HOW TO COMPLETE THIS TASK: The listing that follows should be copied in full and exactly, with no pictures.

BEGIN DATASET SECTION

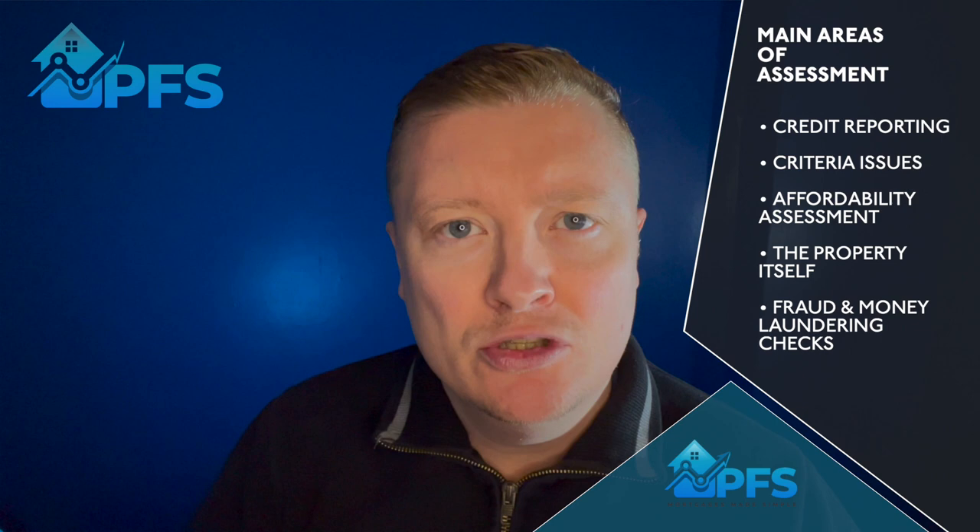The five areas lenders look at are: credit reporting, criteria issues, an affordability assessment, the property itself, and fraud and money laundering checks. Let's look at each of those individually.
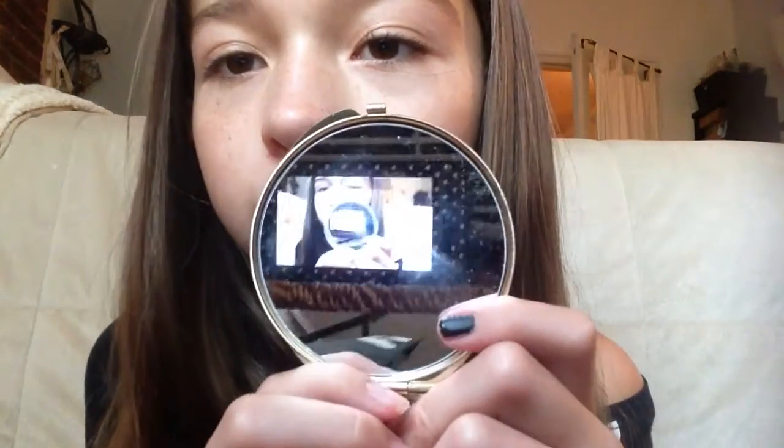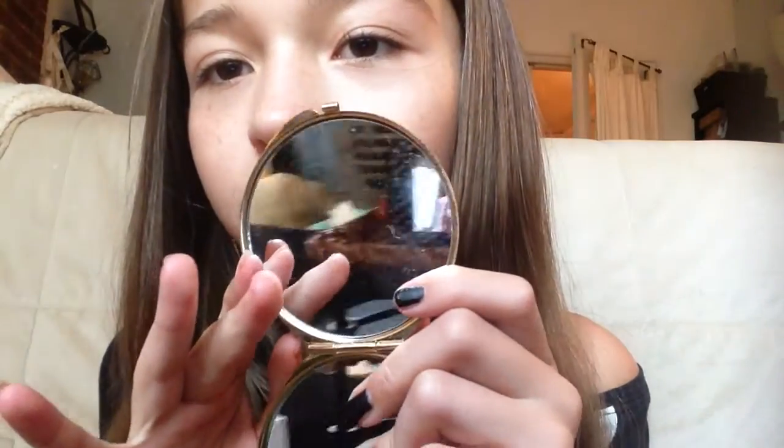I also have this little mirror. I bring this everywhere because I like to check myself to make sure I look okay. It has little pineapples on it, and it was basically two bucks, so why not?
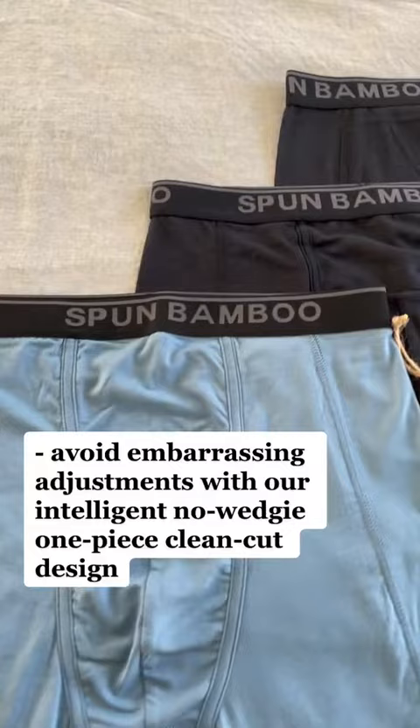Avoid embarrassing adjustments with our intelligent no wedgie one piece clean cut design.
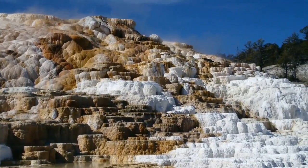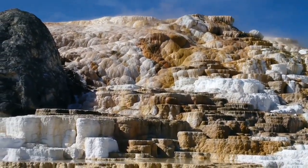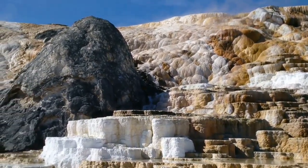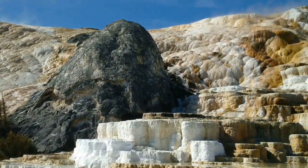Here we are at Mammoth Hot Springs Terraces. I don't know whether you can see the water running over the edges to form the terraces. And that lump on the left is called the Devil's Thumb — right there. Just thought you'd like to see where we're at.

END DATASET SECTION

REPLY TO THE EXERCISE:
The five areas lenders look at are: credit reporting, criteria issues, an affordability assessment, the property itself, and fraud and money laundering checks. Let's look at each of those individually.
I also have this little mirror. I bring this everywhere because I like to check myself to make sure I look okay. It has little pineapples on it, and it was basically two bucks, so why not?
Avoid embarrassing adjustments with our intelligent no wedgie one piece clean cut design.
Here we are at Mammoth Hot Springs Terraces. I don't know whether you can see the water running over the edges to form the terraces. And that lump on the left is called the Devil's Thumb — right there. Just thought you'd like to see where we're at.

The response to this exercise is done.